Wenn ich nach einem langen Arbeitstag nach hause komme und noch im Auto daran denke, dass nun die Hausarbeit, ein nörgelnder Partner und müde Kinder auf mich warten, dann wird es gewiss kein entspannter Abend und Bedürfnisse wie Entspannung, Ordnung, Harmonie und Verbundenheit werden garantiert nicht erfüllt! Wenn ich stattdessen kurz inne halte, mir einen kurzen Moment der Ruhe gönne, mir Selbstempathie schenke und Anerkennung für das, was ich am Tag bereits geleistet habe, vielleicht noch den Müll aus meinem Auto mitnehme, um mein Bedürfnis nach Ordnung schon mal ein Bisschen erfüllt zu haben und erst dann das Haus betrete, dann stehen die Chancen gut, dass ich genügend Kraft habe, auch meinen Liebsten mit Wohlwollen und Wertschätzung zu begegnen.
Bevor ich diese Erkenntnis hatte und verstanden habe, dass es unzählige Strategien gibt, um unsere Bedürfnisse zu erfüllen, habe ich oft versucht meine Emotionen zu unterdrücken und zu funktionieren. Und wenn es dann beim Abendessen mal wieder geknallt hat, dann weil ich insgeheim auch von allen anderen erwartet habe, dass sie funktionieren. Was natürlich sinnlos ist.
Nur wenn wir selbst in unserer Mitte sind, weil wir gut für uns sorgen, dann sind wir auch in der Lage die anderen zu sehen, sie mit Giraffenohren zu hören und hinter die Bedürfnisse zu kommen, die erfüllt werden wollen.
In der Gewaltfreien Kommunikation gibt es folgende Grundannahmen, die uns helfen mit Giraffenohren zu hören und durch unser Herz zu schauen:
Bedürfnisse sind der Antrieb all unseren Handelns.
Jeder Mensch tut in jeder Situation immer das Beste, was ihm gerade möglich ist.
Menschen sind von Natur aus auf Kooperation ausgelegt - wir möchten also zur Erfüllung der Bedürfnisse anderer beitragen, sofern wir das freiwillig tun können und die Handlung nicht im Widerspruch zu unseren eigenen Bedürfnissen steht
Alle Menschen haben die gleichen Bedürfnisse nur zu unterschiedlichen Zeiten und es gibt unendlich viele Strategien sie zu erfüllen.

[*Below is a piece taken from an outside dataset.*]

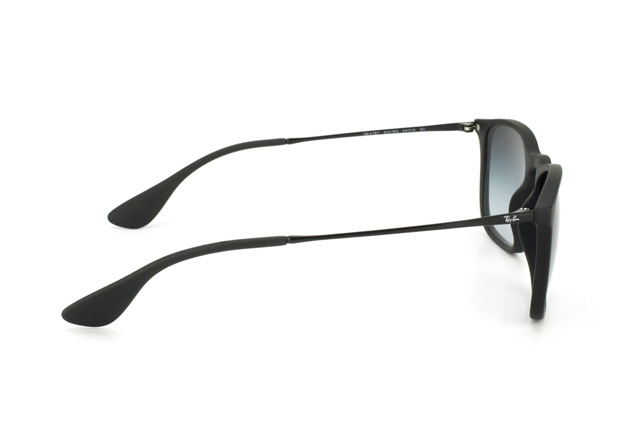 Очки Ray Ban Chris RB 4187 622/8g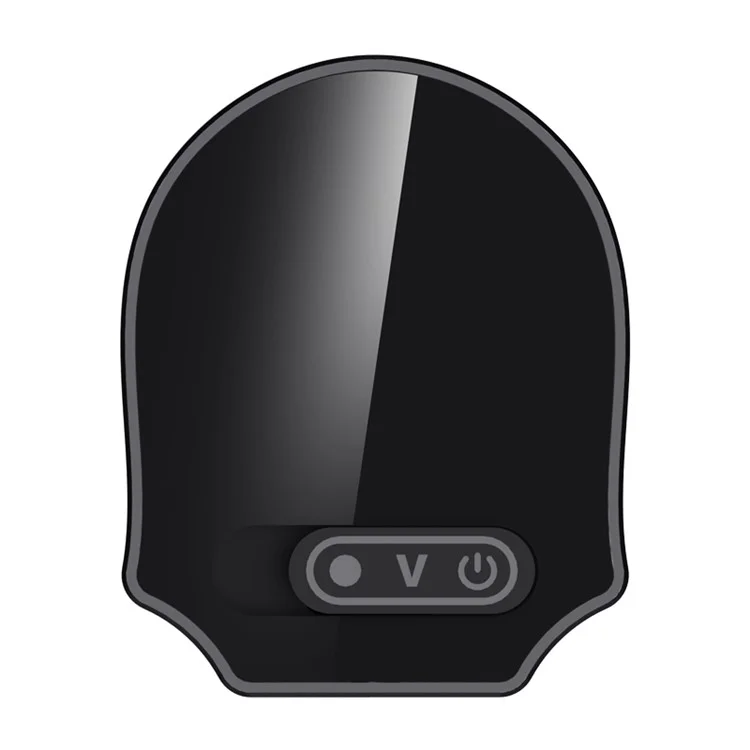 Q73 16 GB Aluminiumlegierungs-Digital-HD-Diktaphon mit Rauschunterdrückung, Mini-Audiorekorder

Menschen können selbst entscheiden, wie sie die Welt sehen und haben immer eine Wahl.
Andere Menschen sind lediglich der Auslöser für unsere Gedanken und Gefühle, niemals die Ursache.
Wir sind verantwortlich für das was wir tun und sagen, nicht für die Reaktion der anderen darauf. - Denn sie sind selbst für Ihre Gedanken und Gefühle verantwortlich.
Die Erkenntnis, dass ich nur für meine Gedanken und Gefühle verantwortlich bin, immer eine Wahl habe und die Reaktionen anderer nicht in meinem Ermessen liegen haben mir Vieles erleichtert.
Auf den 7. Punkt jedoch möchte ich näher eingehen, denn er kann leicht so verstanden werden, als sei es egal, was ich mit meinen Worten auslöse. Dem ist nicht so. Wenn jemand traurig oder wütend wird weil er von mir etwas gehört hat, was diese Gefühle in ihm ausgelöst haben, dann kann ich ihm Empathie geben. Ich kann ihn auch bitten, mir zu sagen, womit ich diese Gefühle ausgelöst habe und wenn er eine andere Botschaft gehört hat als ich rüberbringen wollte, habe ich die Chance, dies zu korrigieren oder dazu beizutragen, seine unerfüllten Bedürfnisse zu erfüllen.